Valdría la pena preguntarnos quiénes somos los mexicanos con miras a entender las celebraciones del próximo Centenario y Bicentenario. ¿Qué significa ser mexicano doscientos años después de la Independencia y cien años después de la Revolución? A?Significa, simplemente, que nos ponemos la camiseta cada vez que juega la selección mexicana, que sabemos de memoria el nombre de algunos “héroes” aunque confundamos a los de la guerra de Independencia con los de la de Reforma, que estamos orgullosos de nuestra comida, que no perdemos ocasión para llevar a nuestros amigos extranjeros a visitar las pirámides de Teotihuacan? ¿O hace falta algo más?
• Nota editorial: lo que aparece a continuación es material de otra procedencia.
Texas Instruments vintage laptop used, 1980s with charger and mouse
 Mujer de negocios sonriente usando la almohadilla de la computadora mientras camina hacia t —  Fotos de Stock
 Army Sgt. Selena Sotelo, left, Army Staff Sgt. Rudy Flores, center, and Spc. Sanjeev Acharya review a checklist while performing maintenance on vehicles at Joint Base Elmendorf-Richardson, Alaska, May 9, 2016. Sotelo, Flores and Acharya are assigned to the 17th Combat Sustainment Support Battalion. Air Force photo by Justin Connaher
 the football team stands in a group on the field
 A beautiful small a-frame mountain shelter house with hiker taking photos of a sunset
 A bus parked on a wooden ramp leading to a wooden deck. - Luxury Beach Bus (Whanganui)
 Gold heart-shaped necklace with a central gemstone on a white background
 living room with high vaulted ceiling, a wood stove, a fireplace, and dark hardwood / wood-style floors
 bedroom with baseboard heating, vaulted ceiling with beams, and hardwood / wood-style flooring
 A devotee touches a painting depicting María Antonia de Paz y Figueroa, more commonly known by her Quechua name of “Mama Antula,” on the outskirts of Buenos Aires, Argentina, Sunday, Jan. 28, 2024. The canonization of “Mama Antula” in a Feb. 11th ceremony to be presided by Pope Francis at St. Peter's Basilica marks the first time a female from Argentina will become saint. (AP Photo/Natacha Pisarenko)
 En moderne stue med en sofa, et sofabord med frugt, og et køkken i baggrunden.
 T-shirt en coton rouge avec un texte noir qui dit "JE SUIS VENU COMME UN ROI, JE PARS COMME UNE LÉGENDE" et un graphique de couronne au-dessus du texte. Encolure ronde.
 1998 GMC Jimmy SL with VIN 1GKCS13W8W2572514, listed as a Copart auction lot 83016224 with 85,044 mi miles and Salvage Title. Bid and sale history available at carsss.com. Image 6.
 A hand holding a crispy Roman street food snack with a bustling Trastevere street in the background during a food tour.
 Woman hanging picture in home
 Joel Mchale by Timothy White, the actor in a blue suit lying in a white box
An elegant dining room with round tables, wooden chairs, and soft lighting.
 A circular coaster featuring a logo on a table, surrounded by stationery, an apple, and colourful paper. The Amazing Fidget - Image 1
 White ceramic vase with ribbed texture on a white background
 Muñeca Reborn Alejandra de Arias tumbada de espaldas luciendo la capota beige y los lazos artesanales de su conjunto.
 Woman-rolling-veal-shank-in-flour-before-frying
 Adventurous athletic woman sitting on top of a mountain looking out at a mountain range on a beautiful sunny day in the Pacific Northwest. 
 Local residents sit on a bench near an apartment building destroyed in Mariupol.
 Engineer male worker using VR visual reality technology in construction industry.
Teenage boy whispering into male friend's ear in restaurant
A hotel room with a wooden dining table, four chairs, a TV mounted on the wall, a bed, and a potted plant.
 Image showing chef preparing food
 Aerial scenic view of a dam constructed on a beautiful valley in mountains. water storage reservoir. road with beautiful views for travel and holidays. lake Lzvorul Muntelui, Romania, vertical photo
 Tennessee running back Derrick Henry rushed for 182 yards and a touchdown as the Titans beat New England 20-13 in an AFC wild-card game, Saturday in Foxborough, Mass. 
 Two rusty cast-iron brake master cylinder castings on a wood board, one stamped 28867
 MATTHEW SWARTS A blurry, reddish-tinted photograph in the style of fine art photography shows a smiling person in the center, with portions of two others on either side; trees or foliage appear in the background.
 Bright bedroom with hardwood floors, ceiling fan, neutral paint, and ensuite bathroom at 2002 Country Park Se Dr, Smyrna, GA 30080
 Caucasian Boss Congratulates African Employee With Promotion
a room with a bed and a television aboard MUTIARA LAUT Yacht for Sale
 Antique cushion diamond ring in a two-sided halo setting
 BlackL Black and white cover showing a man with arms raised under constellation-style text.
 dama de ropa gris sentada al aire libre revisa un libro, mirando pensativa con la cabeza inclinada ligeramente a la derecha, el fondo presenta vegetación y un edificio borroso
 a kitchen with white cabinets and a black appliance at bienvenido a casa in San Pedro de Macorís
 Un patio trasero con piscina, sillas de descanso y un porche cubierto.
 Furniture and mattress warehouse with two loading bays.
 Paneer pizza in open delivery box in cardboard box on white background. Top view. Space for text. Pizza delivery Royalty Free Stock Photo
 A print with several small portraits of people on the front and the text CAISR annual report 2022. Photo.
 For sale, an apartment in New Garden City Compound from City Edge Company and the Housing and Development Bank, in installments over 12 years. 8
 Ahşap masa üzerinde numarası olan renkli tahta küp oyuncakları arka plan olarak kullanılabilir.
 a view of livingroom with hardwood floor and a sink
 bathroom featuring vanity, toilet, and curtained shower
Cuando uno regresa a México después de vivir varios años en el extranjero es inevitable que los encuentros fortuitos en las calles, los contrastes sociales y el misticismo de las tradiciones nos hagan reflexionar sobre lo que llamamos “nación mexicana”. Es inevitable porque vivir fuera significa encontrarse con “el otro” y ese encuentro siempre nos obliga a definirnos en términos de los referentes más obvios: la comida, el paisaje, la historia, las tradiciones y acaso el fútbol y otras pasiones de menor importancia; porque tarde o temprano, los contrastes entre México y otros países nos muestran que esos referentes simbólicos y culturales que desde afuera nos parecían tan obvios al hablar de nuestra nación y nuestra identidad nacional ocultan en realidad mucho de lo que en verdad somos. Más aún, si se toma conciencia de lo que significa que México está a punto de celebrar dos siglos de vida independiente y un siglo de la Revolución Mexicana, resulta tentador preguntarnos no sólo quiénes somos, sino si seguimos siendo los mismos o, en otras palabras, si los fundamentos de nuestra identidad han cambiado a lo largo de todo este tiempo.
A los viajeros que hemos vivido este proceso obligado de reflexión nos llama la atención, por ejemplo, la manera en que muchos mexicanos damos por hecho la existencia y la continuidad de “la nación” y de una identidad nacional compartida, como si fuera algo que no es problemático, que ha existido desde siempre y jamás cambiará. Pero la historia nos demuestra que no es así. Las identidades y las naciones han estado sujetas al fluir eterno de la historia: los imperios han surgido y desaparecido (Roma, Bizancio, Tenochtitlán), los reinos de antaño se han convertido en invenciones nacionalistas que pueden o no corresponder con los territorios de sus antecesores (el Imperio Austro-Húngaro, la Unión Soviética) y los países se han dividido y/o fracturado (Etiopía y Eritrea, la ex-Yugoslavia).